It seems that every Christian author eventually tries his hand at a book on prayer. And when our favorite author takes his turn, we, the readers, tend to pick it up. After all, prayer is difficult and few of us are confident that we are praying right and praying well. John Eldredge qualifies as a favorite author to thousands of Christians and he has now tried his hand at a book on prayer in Moving Mountains: Praying with Passion, Confidence, and Authority.

At the very beginning of the book, Eldredge names a common concern when it comes to praying: “Some prayers work, and some prayers don’t. We might be embarrassed to admit that, but you know it’s true. If you are interested in prayer at all, you are interested in prayer that works. That kind of prayer is the focus of this book.” That sounds good, right? We all want to pray in such a way that we are confident in what we pray and confident that we will see results. In this book he teaches both theology and methodology for prayer. “I’m not going to try and convince you that you ought to pray. If the struggles of those you love, the heartache of the world, or your own dreams, desires, and afflictions do not move you, nothing I say here would be more compelling. What I can do is put a far, far more effective understanding of prayer in your hands, together with enough applications that you begin to get a feel for how things work.” That is exactly what we want from a book on prayer, right?

Foundational to Eldredge’s method is the concept of spiritual authority. The world, he teaches, is caught up in a giant spiritual battle between competing forces of light and darkness. We are in the middle of that battle and have a role to play in the fight. Through our faith in Christ and his death and resurrection, we are granted his authority. “You have been given a share in the authority of Jesus Christ, Son of the living God, Lord of the heavens and the earth. Do you wield it in prayer?” Our responsibility in prayer is to speak into darkness with the authority of Jesus.

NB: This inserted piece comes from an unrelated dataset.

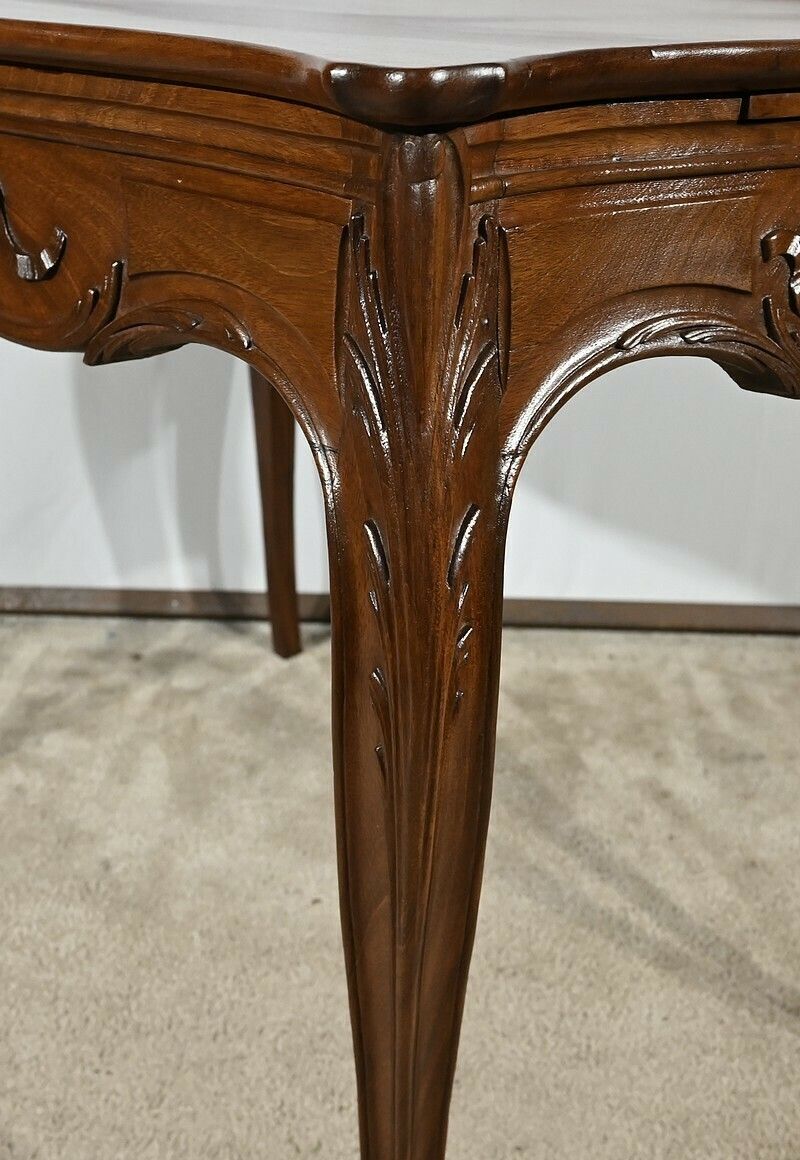 photo vinterior Small Cabaret Table In Mahogany, Louis XV Style, Napoleon III Period – Mid 19th Century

We do this through specific kinds of prayer—prayers of intervention, consecration, warfare, and both inner and physical healing.

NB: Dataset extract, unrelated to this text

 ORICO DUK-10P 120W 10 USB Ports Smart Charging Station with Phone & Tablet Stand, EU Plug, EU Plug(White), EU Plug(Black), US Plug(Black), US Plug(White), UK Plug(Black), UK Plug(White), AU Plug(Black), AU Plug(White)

The book has several notable strengths. When discussing our tendency to give up when we do not immediately see the results we want, Eldredge brings valuable encouragement: When we do this “we abandon the very treasure God has given us for not losing heart, for moving the ‘mountains’ in front of us, bringing about the changes we so desperately want to see in our world.” God means for us to pray and to keep praying, not to give up too soon. Later he rejoices in the reality that “We find ourselves in the sort of universe where prayer plays a crucial role, sometimes, the deciding role. Our choices matter.” They do! God could work apart from prayer but he chooses to work through and because of prayer. It is a joy and honor that we get to join him in this work in very meaningful ways. Further, he includes many, many encouragements to pray, to pray boldly, to pray urgently, and to pray confidently. In an area where we are always tempted to grow weary and complacent, these are useful challenges.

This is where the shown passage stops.